Diego también pensaba que esa decisión había sido demasiado impulsiva, pero al ver a Lucía tratándolo así, se ofendió.
—Lucía, yo solo quería lo mejor para la empresa. Además, ¡yo qué iba a saber que el Grupo Vargas nos jugaría tan sucio!
Lucía soltó una risa sarcástica:
—Esa fue idea de Adriana, ¿verdad? Diego, de verdad que te dejas manipular muy fácil. ¡Te he dicho mil veces que no dejes que esa mujer se meta en los asuntos de la empresa! ¡Es una idiota!
Como últimamente Adriana se había portado tan linda y cariñosa con él, y además había estado ayudando mucho con el desarrollo de la empresa, Diego no pudo evitar defenderla.
—No hables así de Adriana, ¡todo lo hace por el bien de la empresa, no tiene malas intenciones!
Lucía se quedó muda de rabia, hundida en el sillón y haciendo un esfuerzo por contenerse.

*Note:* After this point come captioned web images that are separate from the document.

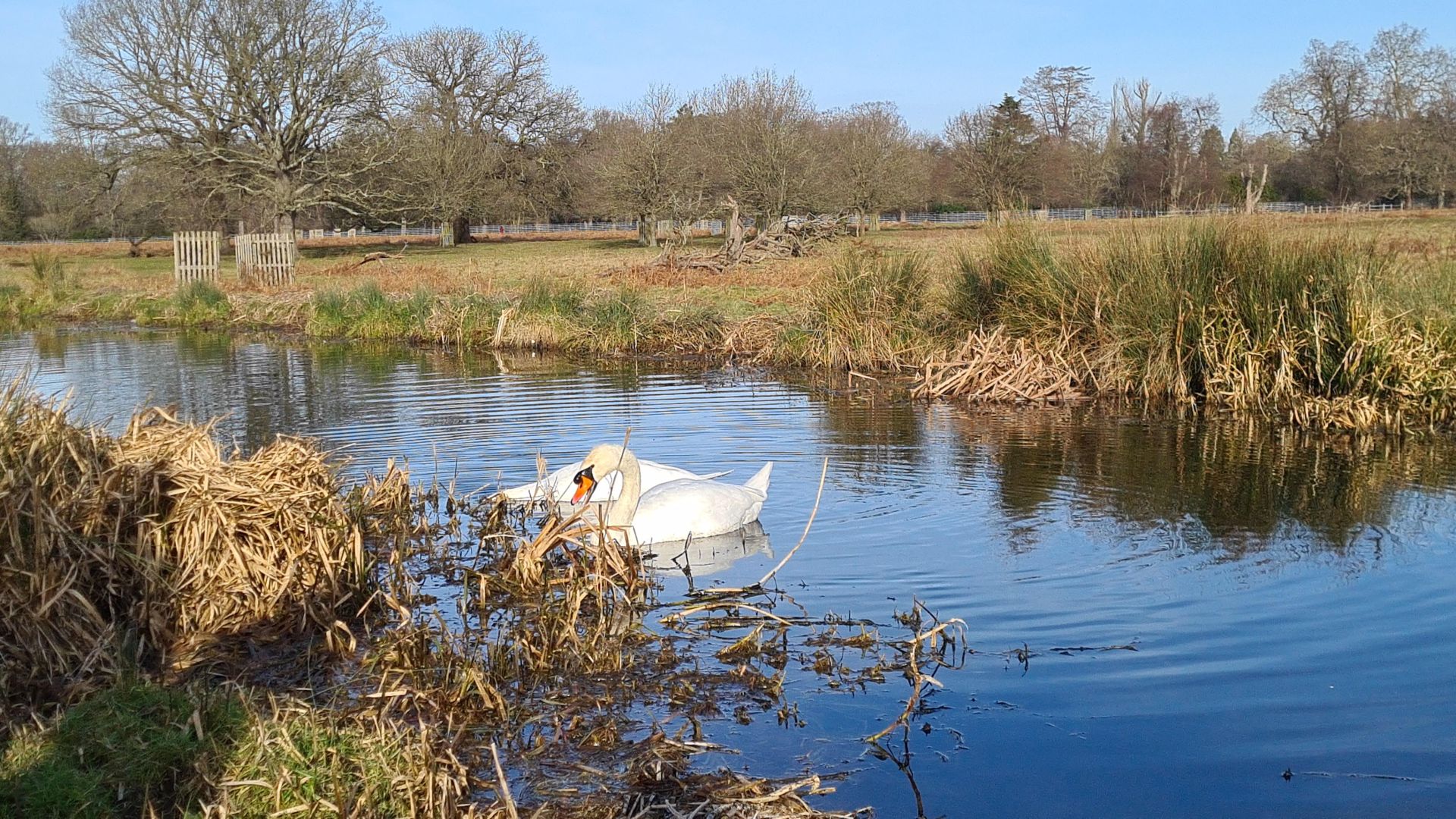 River view with swans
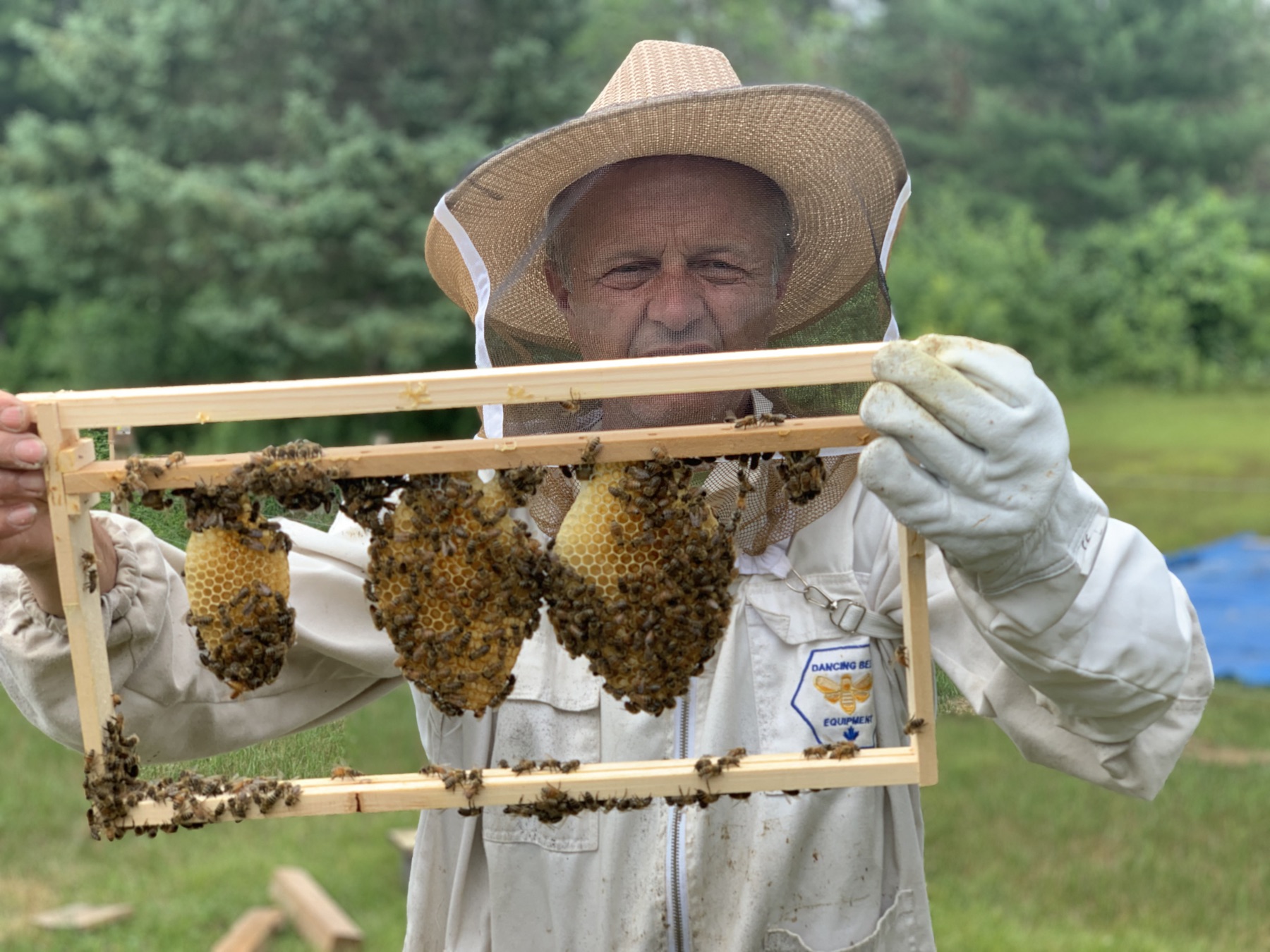 Beekeeper inspecting a frame of fresh comb at Lucarz Apiary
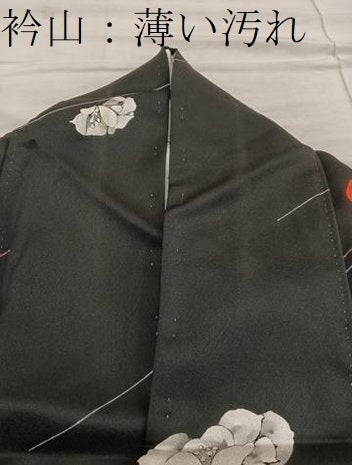 平和屋着物■上質な小紋　草花文　黒地　正絹　逸品　BAAX5877mz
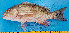  (Lutjanus cf. goreensis - WFRC007)  @11 [ ] copyright © (2024) OWO Nicolas Roland Université Nangui ABROGOUA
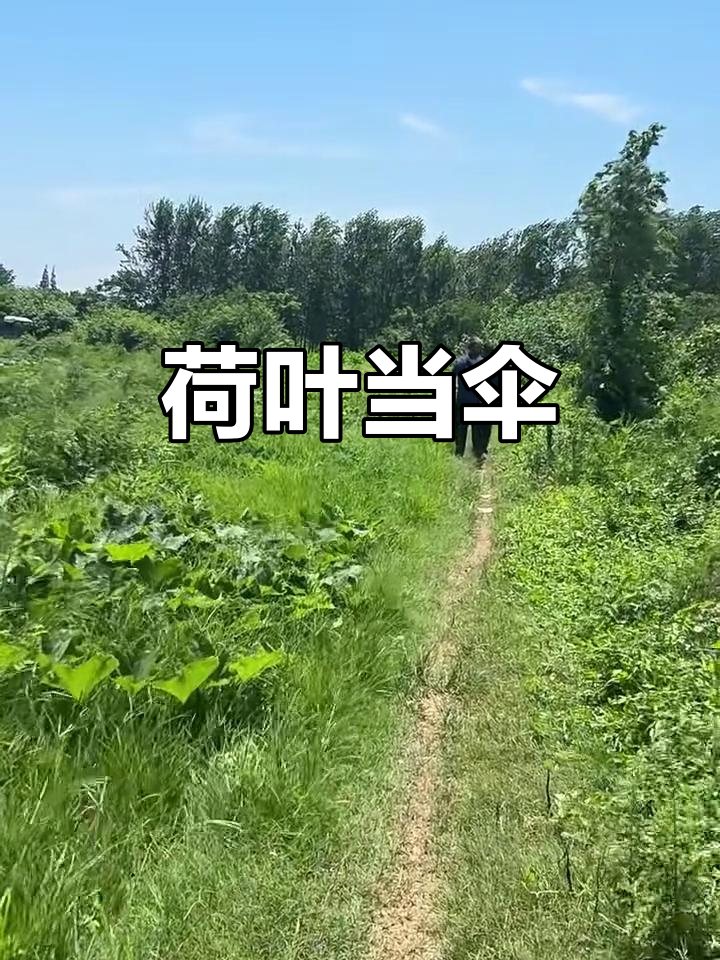 荷叶变伞,雨天也能如此优雅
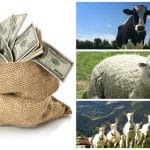 colaj animale subventii o 1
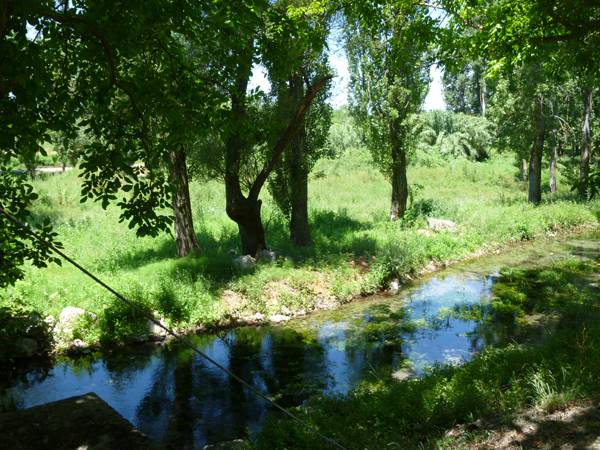 Προστασία πηγών Πηδήματος και Αγίου Φλώρου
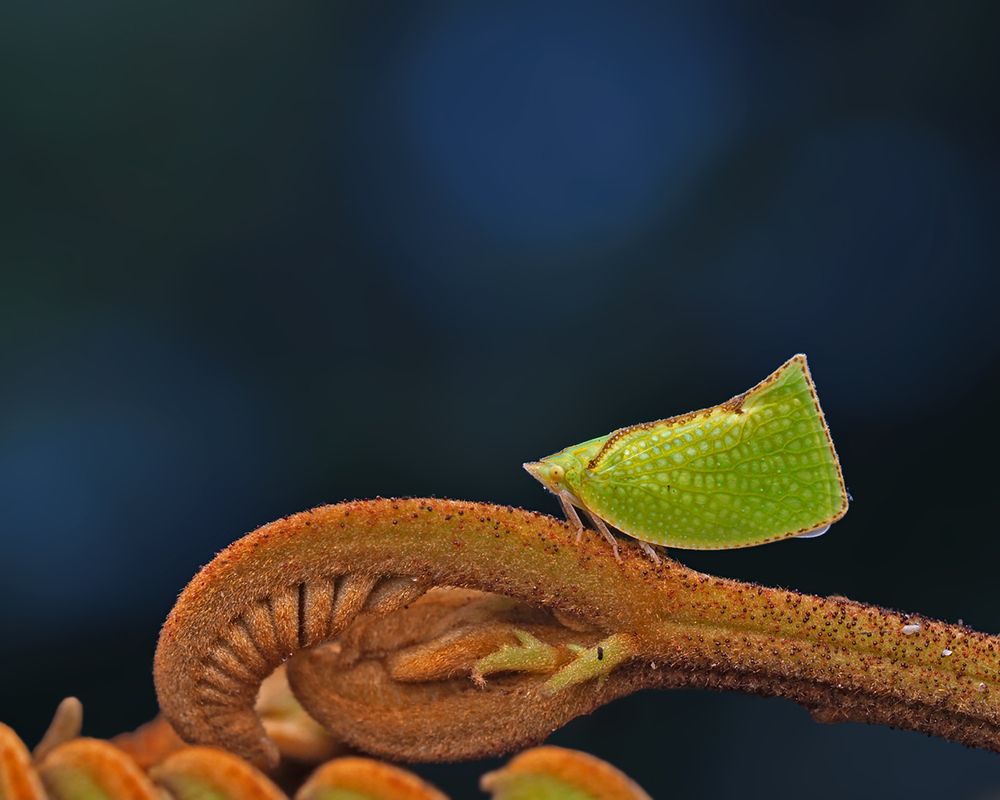 A Tiny Treasure in the Woods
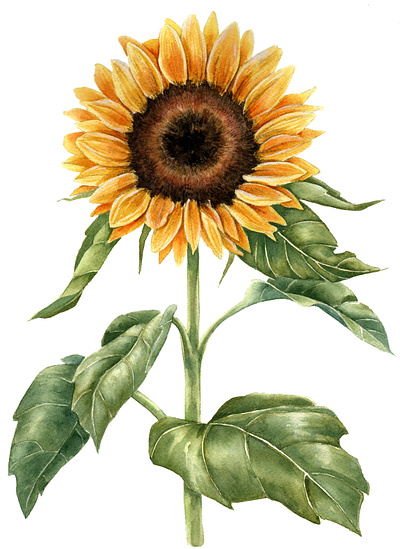 Sunflower Watercolor botanical botanical art fine art illustration sunflower watercolor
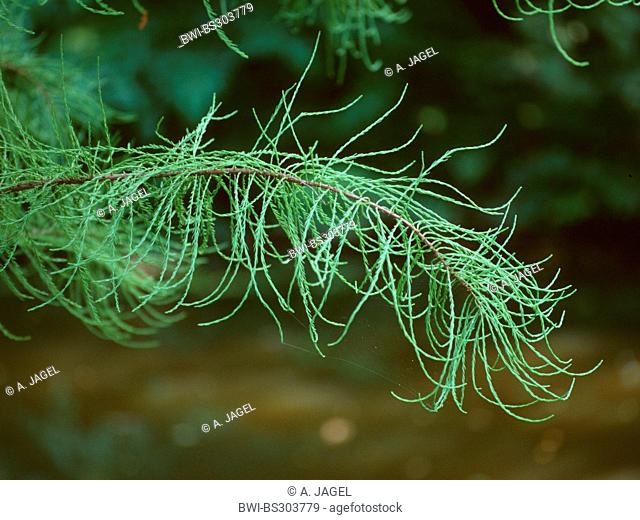 Pond Cypress, Pond Baldcypress (Taxodium ascendens, Taxodium distichum var. imbricatum), branch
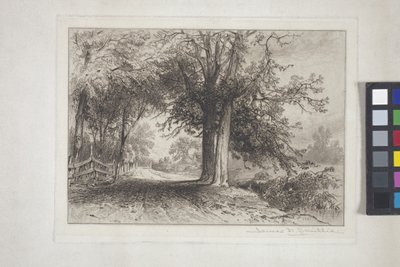 Manzara (gravür, chine collé) by James David Smillie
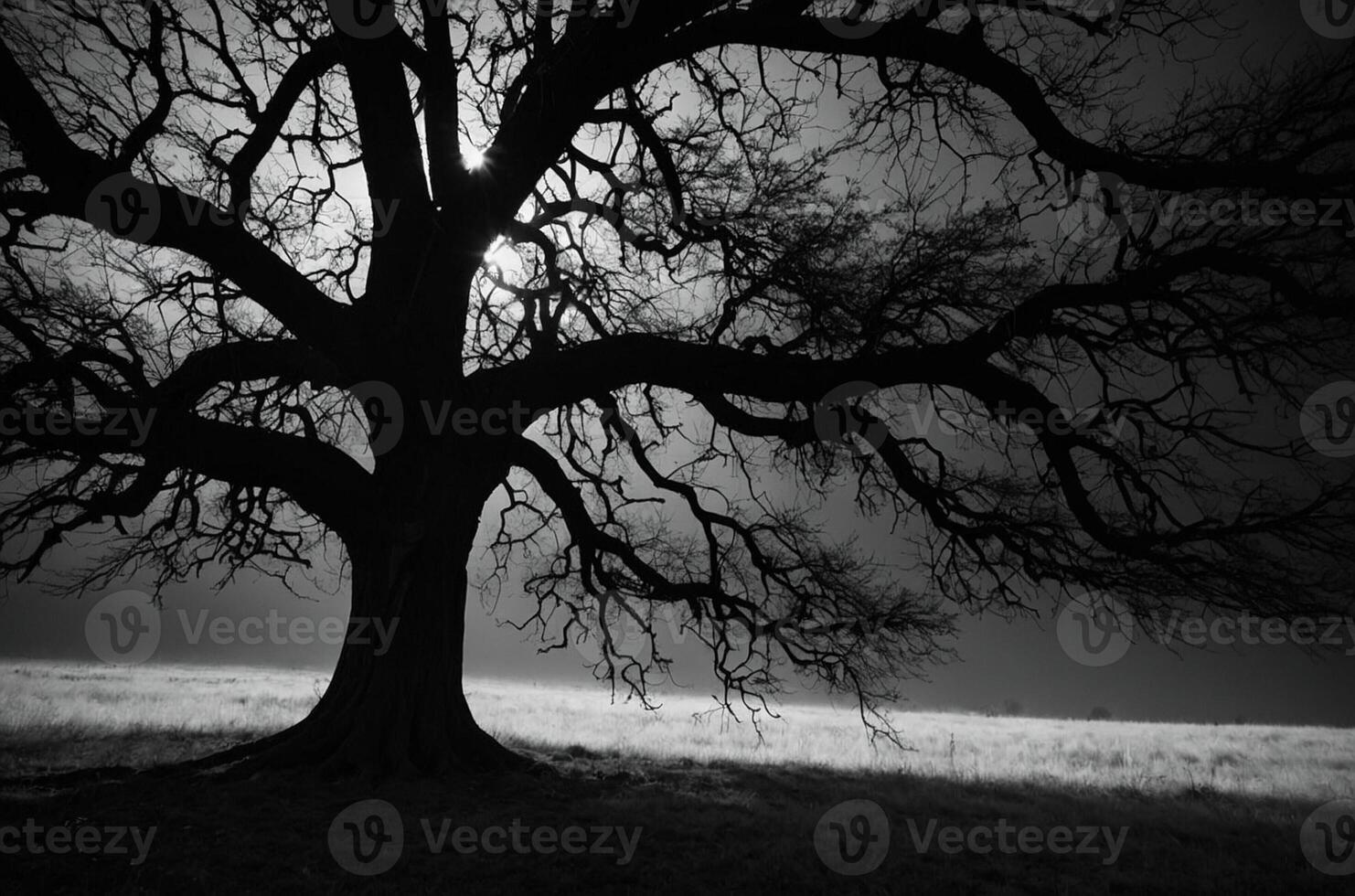 Black and white photograph of a tree in the dark photo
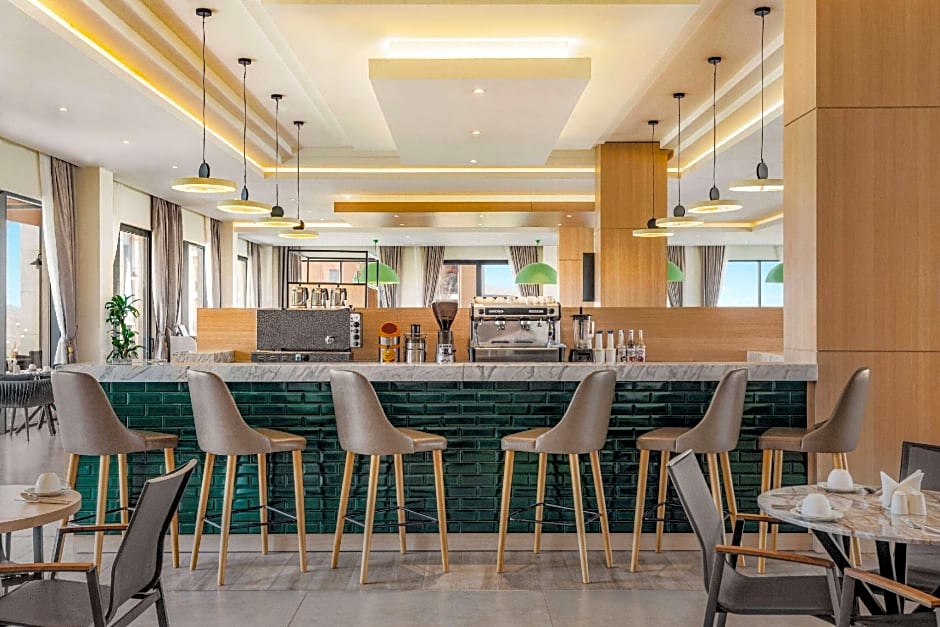 Wyndham Garden Zomin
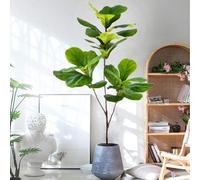 Shein 76-105-135cm (53.1in) Planta artificial de Ficus Fiddle Leaf Fig para decoración de patio exterior, jardín, balcón, interior del hogar y oficina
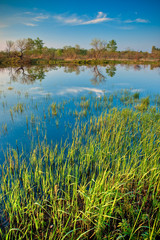 Wall Mural - lake mirror with green gass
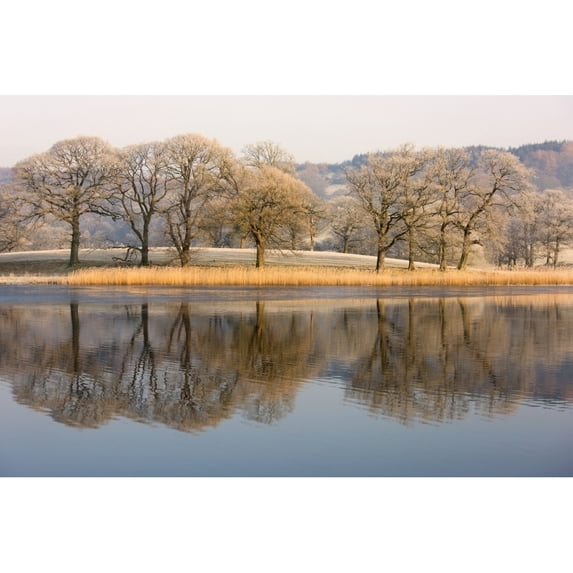 Posterazzi DPI1844558 Cumbria England - Lake Scenic with Autumn Trees Reflected in Water Poster Print, 18 x 12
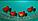 Пецилия Балон Красная черноплавничная 3-3,5 см, фото 3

—Ve a hablar con Alejandro. Pídele que baje la guardia y nos suelte un poco. Ellos tampoco le ganan mucho a ese medicamento, si nos están atacando es solo por fregar al Grupo Romero. Ve y ofrécele una buena disculpa para que olvide el problema que hubo entre nosotros. Si no lo haces, el futuro del Grupo Romero se pondrá muy feo.
Diego, orgulloso como siempre, se quejó de mal humor:
—Lucía, ya se me ocurrirá cómo arreglarlo. No a fuerza tengo que ir a pedirle perdón a Alejandro.
A Lucía ya no le daban las fuerzas para seguir peleando y simplemente le hizo una seña con la mano para que se fuera:
—Haz lo que quieras. Pero te lo advierto, esto no es un jueguito, y ya nadie va a poder sacarte de esta.
Al final, ni el Grupo Romero ni el Grupo Valiente aguantaron la estrategia de marketing del Grupo Vargas.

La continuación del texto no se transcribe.